Delayed left main coronary obstruction following transfemoral inovare transcatheter aortic valve replacement: A challenging case

Gabriel Kanhouche 1, Felipe Reale Cividanes 1, Roney Orismar Sampaio 1, José Carlos Albuquerque da Silva 1, Rodrigo Daghlawi Machado 1, Marcelo Werneck 1, Tarso Augusto Duenhas Accorsi 1, Kevin Rafael De Paula Morales 1, Alexandre C Abizaid 1, Fabio Sandoli de Brito Jr 1, Flavio Tarasoutchi 1, José Honório Palma 1, Henrique Barbosa Ribeiro 1,
PMCID: PMC8766319  PMID: 35079298

Abstract

Coronary obstruction is an uncommon and severe complication after a transcatheter aortic valve replacement (TAVR), that occurs during the procedure in the vast majority of patients. In the present case even in the absence of classic risk factors, an acute coronary syndrome occurred one day after TAVR. Selective angiography revealed a severe left main ostium obstruction by the bulky native leaflet calcification. This is the first case of delayed presentation of coronary obstruction with a transfemoral balloon-expandable valve using the Inovare bioprosthesis (Braile Biomedica, Brazil). In addition, after drug-eluting stent placement in the left main coronary, intravascular ultrasound revealed severe stent underexpansion, so that a second layer of a bare-metal stent and high-pressure balloon post-dilatation was necessary to improve the final result. The patient was discharged after 7 days, and at the 6-month follow-up remained asymptomatic.

<Learning objective: This case illustrates an unusual cause of an acute coronary syndrome 24 h after a transcatheter aortic valve replacement. This is the first report of this severe complication with delayed presentation following the balloon-expandable Inovare bioprosthesis. Even in the absence of classic risk factors this complication may occur, and percutaneous coronary intervention is feasible in the vast majority of cases, often requiring various percutaneous techniques and intravascular image to improve outcomes.>

Keywords: Delayed coronary obstruction, Transcatheter aortic valve replacement, Transfemoral approach, Inovare bioprosthesis

Introduction

Transcatheter aortic valve replacement (TAVR) has been an increasingly formal indication for patients with severe symptomatic aortic stenosis, and although complication rates have been hampered by the newer generation devices, some complications still occur. Of note, left main coronary (LMC) obstruction after TAVR is a rare but worrisome severe complication [1]. The clinical manifestations include rapid hemodynamic deterioration, ventricular arrhythmias, left ventricular dysfunction, and ischemic signs in the electrocardiogram, generally during valve implantation [2].

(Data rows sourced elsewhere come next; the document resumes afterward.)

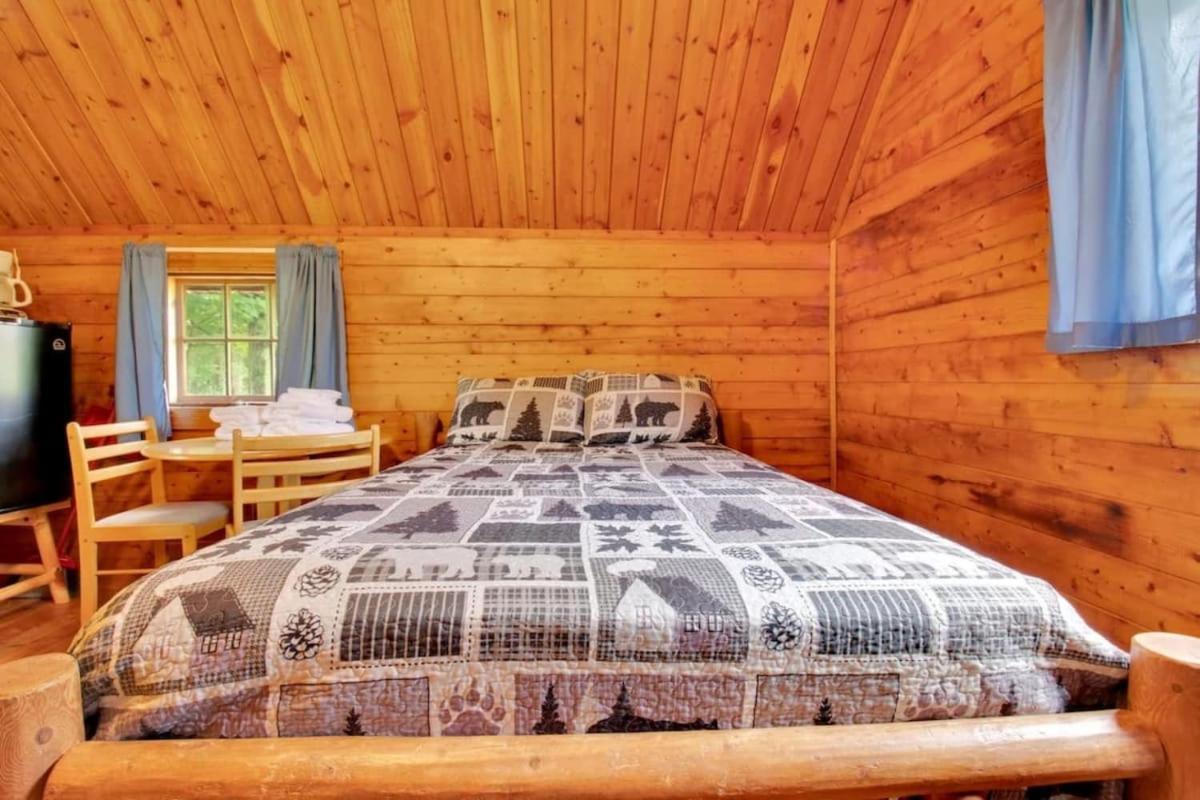Lovely Rustic Cabin In Bloomington Exterior photo
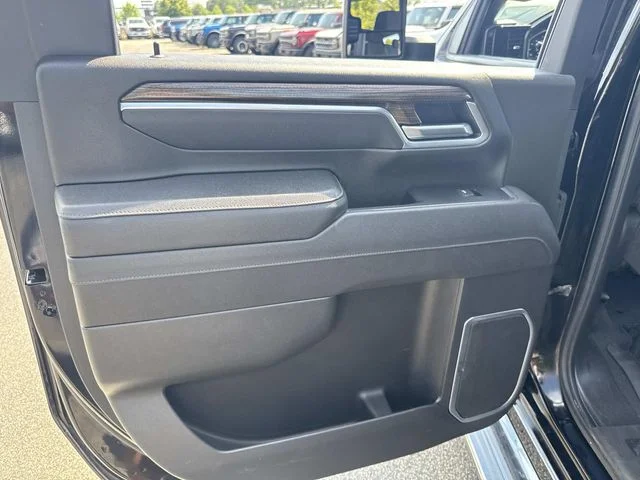 Used 2025 Black Chevrolet LT image 23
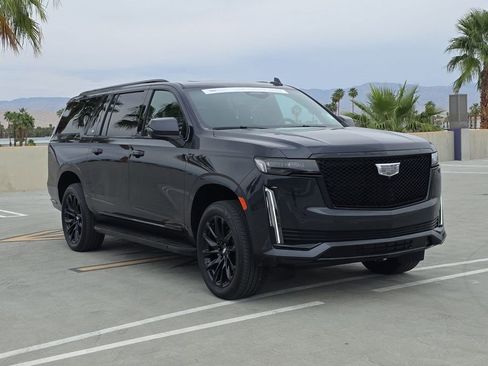 Used 2024 Cadillac Escalade ESV Sport Platinum w/ LPO, ONYX Package image 2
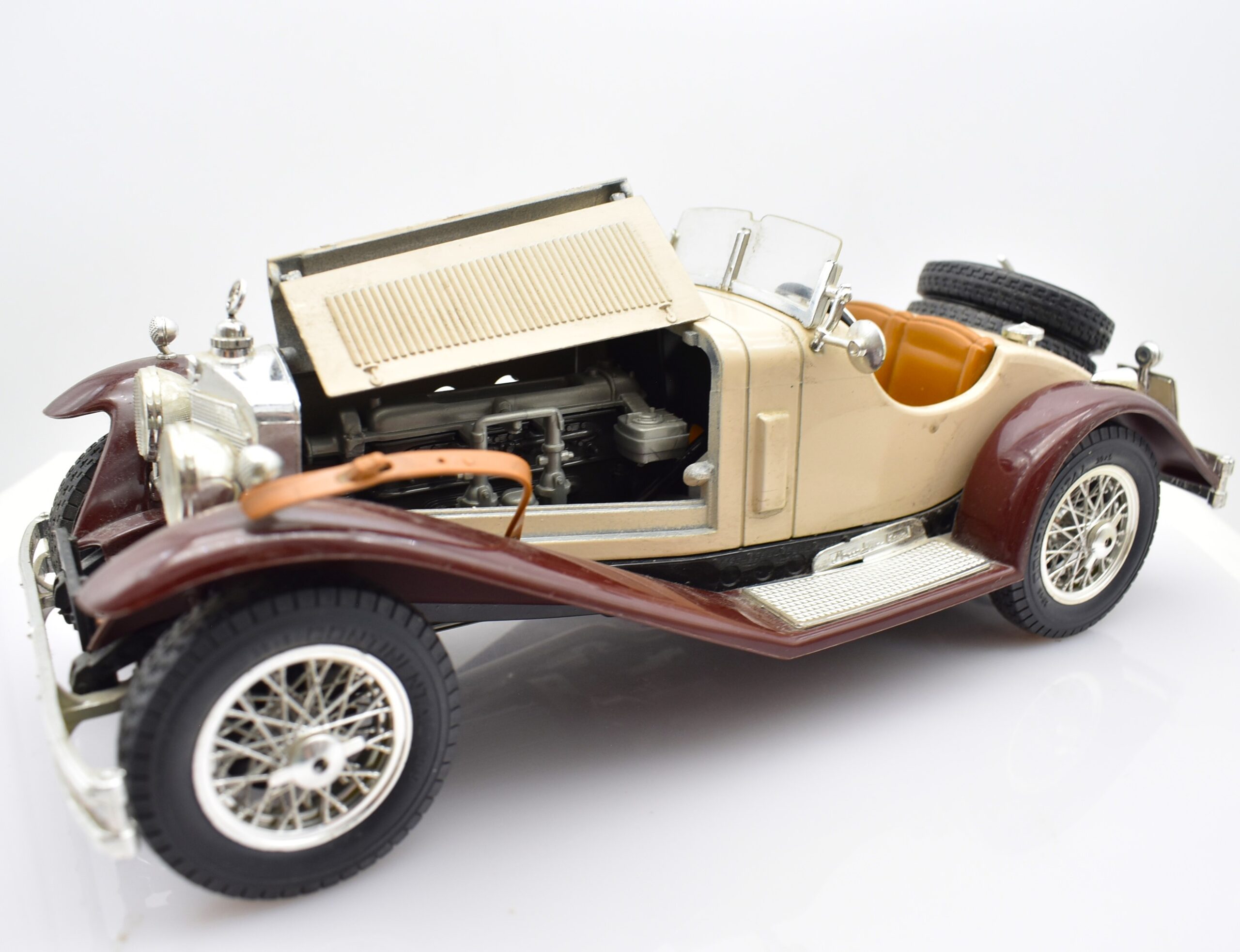 Modellino auto scala 1:18 MERCEDES BENZ SSK burago modellismo da collezione - immagine 2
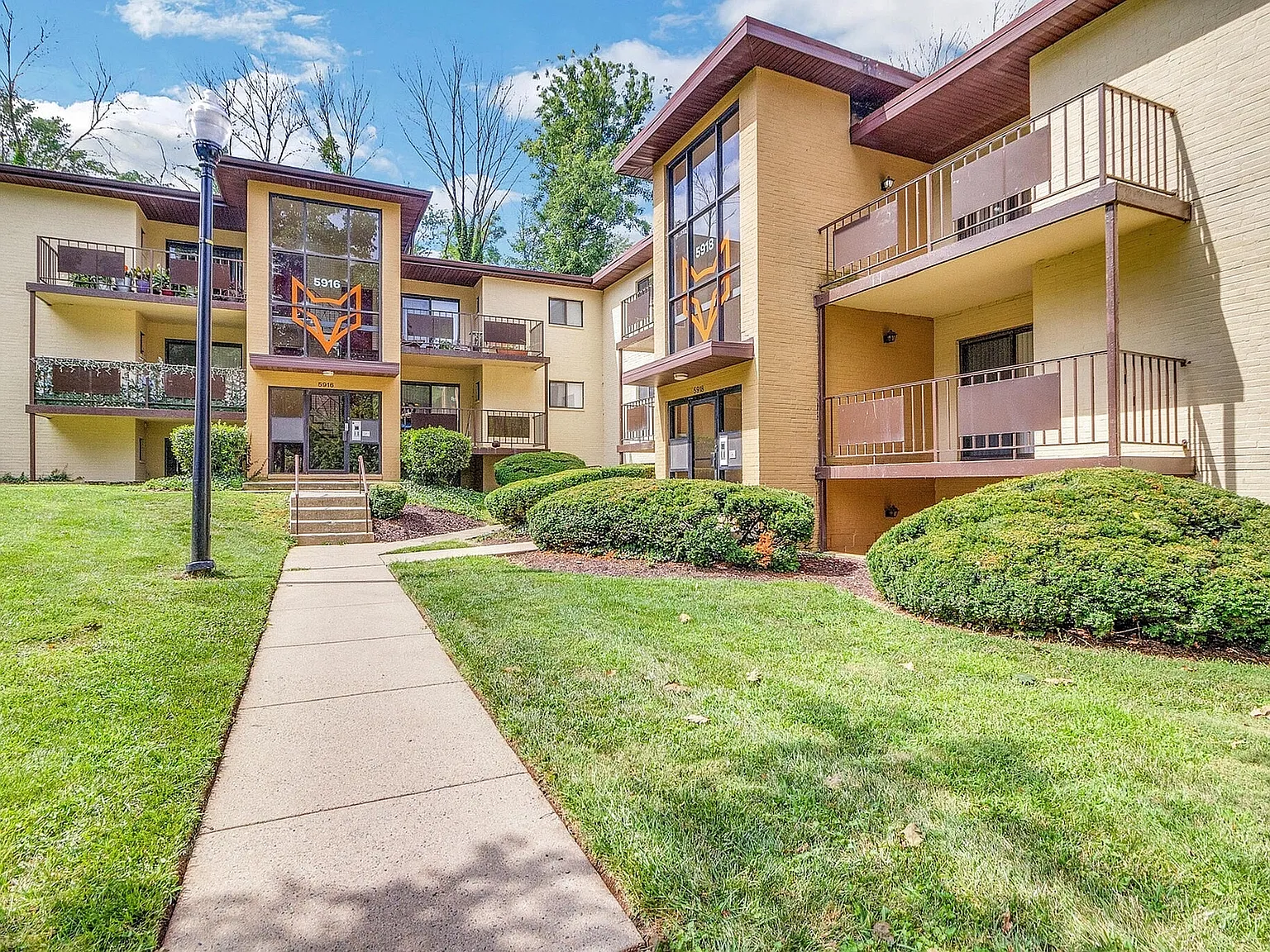 Fox Glen — Photo 1
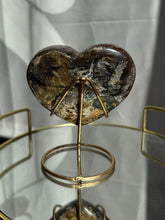 Load image into Gallery viewer, Amethyst Heart with Stand 30HM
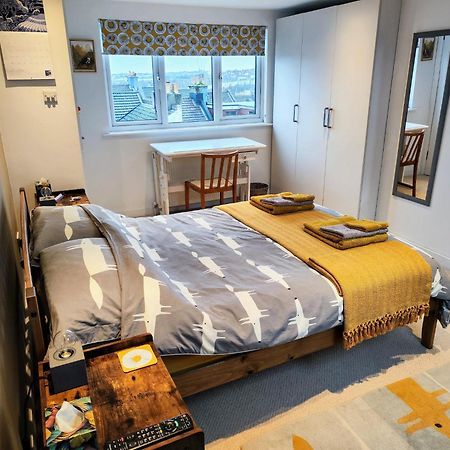 Large Light Loft Room - En Suite Brighton Bagian luar foto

We describe the first case report of delayed LMC obstruction after transfemoral Inovare (Braile Biomedica, Brazil) implantation, presenting with a late non-ST elevation myocardial infarction (NSTEMI), managed successfully with overlapping stent implantation in the LMC, guided by intravascular ultrasound (IVUS).

Case report

An 84-year-old male with hypertension and aortic stenosis, presented with worsening dyspnea in the previous 4 months and one episode of syncope. In addition, due to progressive chest pain a cardiac catheterization was undertaken, revealing no coronary artery disease. Also, an echocardiogram showed critical aortic stenosis (mean gradient: 54 mmHg; aortic valve area: 0.6 cm2) and left ventricular ejection fraction (LVEF) of 35%. Due to age, frailty, and depressed LVEF, TAVR was scheduled. Multidetector computed tomography (MDCT) confirmed a suitable anatomy for TAVR (Fig. 1), so that a 26 mm balloon-expandable Inovare bioprothesis was implanted, using the transfemoral approach (Fig. 2; Video 1). After post-dilatation due to mild paravalvular leak, an excellent result was achieved with trace residual leak, mean gradient of 5 mmHg and recovery of LVEF without any segmental wall motion abnormality (LVEF: 55%). There was no hemodynamic instability, segmental ventricular deficit in the echocardiogram, or arrhythmias during the procedure. The patient was extubated the same day and remained stable without complaints.

Fig. 1.

Fig 1

Multidetector computed tomography (MDCT) showing high takeoff of left main coronary without calcification (white arrow) (A) and the right coronary arteries (B) of 1.5 and 1.2 cm, respectively. (C) Sinus of Valsalva diameters with bulky leaflet tip calcification in the left sinus (white arrow). (D) Aortic annulus area of 4.72 cm2.

Fig. 2.

Fig 2

Inovare bioprosthesis (Braile Biomedica, Brazil) of 26 mm implanted using the transfemoral approach. (A) Valve positioning. (B) Valve implantation under rapid pacing. (C) End control aortography showing a patent left main coronary despite the bulky calcification. No hemodynamic and electrocardiographic changes were noted during the procedure, and transesophageal echocardiogram revealed no segmental abnormality in contraction, with left ejection ventricular fraction (LVEF) recovery after valve implantation (LVEF from 35% to 55%).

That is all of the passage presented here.